In 2000, of course, Bush officially "won" Florida by 537 votes, and therefore the presidency with 271 electoral votes, while Al Gore won the popular vote by about 550,000. (In reality, Gore probably would have won a fair recount in Florida if it hadn't been stopped by a conservative Supreme Court on nakedly partisan grounds, but I'm going to ignore that for the time being since it doesn't matter for this particular argument.) That means a flip of just 269 votes in one state from one candidate to the other would have changed the result. In 2004, Bush won re-election with a margin of about three million votes, and 286 electoral votes. John Kerry famously could have won if he had just flipped Ohio, where the margin was just 118,601 votes. However, it would have been slightly more efficient in vote terms to flip New Mexico, Iowa, Nevada, and Alaska, with a cumulative margin of 117,411. That means a flip of just 58,706 votes would have given Kerry the presidency.

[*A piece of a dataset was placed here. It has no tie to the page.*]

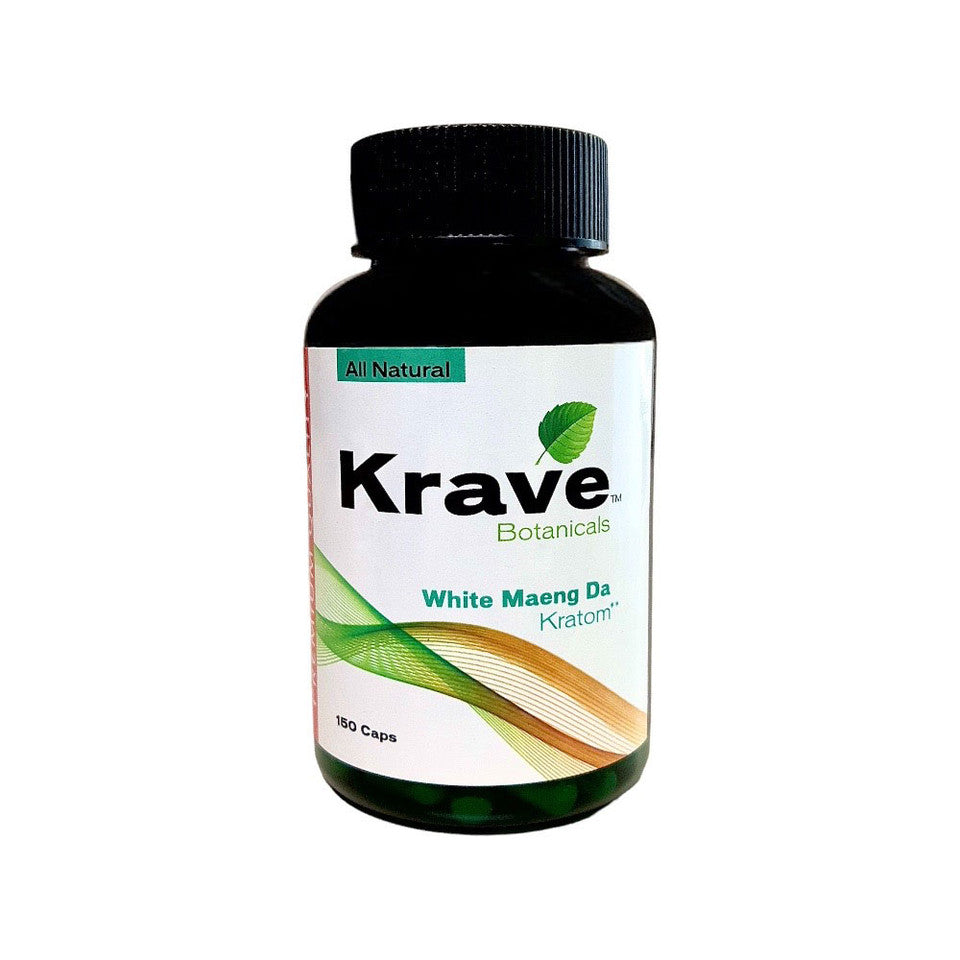 Krave Kratom 150 Caps - Lime Store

In 2008, Barack Obama steamrolled John McCain with a popular vote margin of over 9.5 million, and 365 electoral votes. But it would have taken relatively few vote changes to overturn even that landslide result. Obama won Florida, Colorado, Iowa, Rhode Island, Maine, New Mexico, Nevada, Vermont, Delaware, New Hampshire, Indiana, and North Carolina by a cumulative margin of just 1.436 million votes — therefore flipping just 718,138 would have given McCain an additional 97 electoral votes and victory. Similarly in 2012, Mitt Romney could have won by taking the nine closest states in terms of total votes, requiring only 384,188 flips. Then in 2016, Trump of course squeaked out an Electoral College victory with tiny margins in Wisconsin, Michigan, and Pennsylvania — just 38,868 flips would have given Clinton the win.
That finally brings me to 2020. Biden won the popular vote easily, with a margin maybe in the neighborhood of 6.9 million or so (depending on what happens in New York.) But it would have taken just 33,139 flips in Arizona, Georgia, and Wisconsin to deliver a Trump second term.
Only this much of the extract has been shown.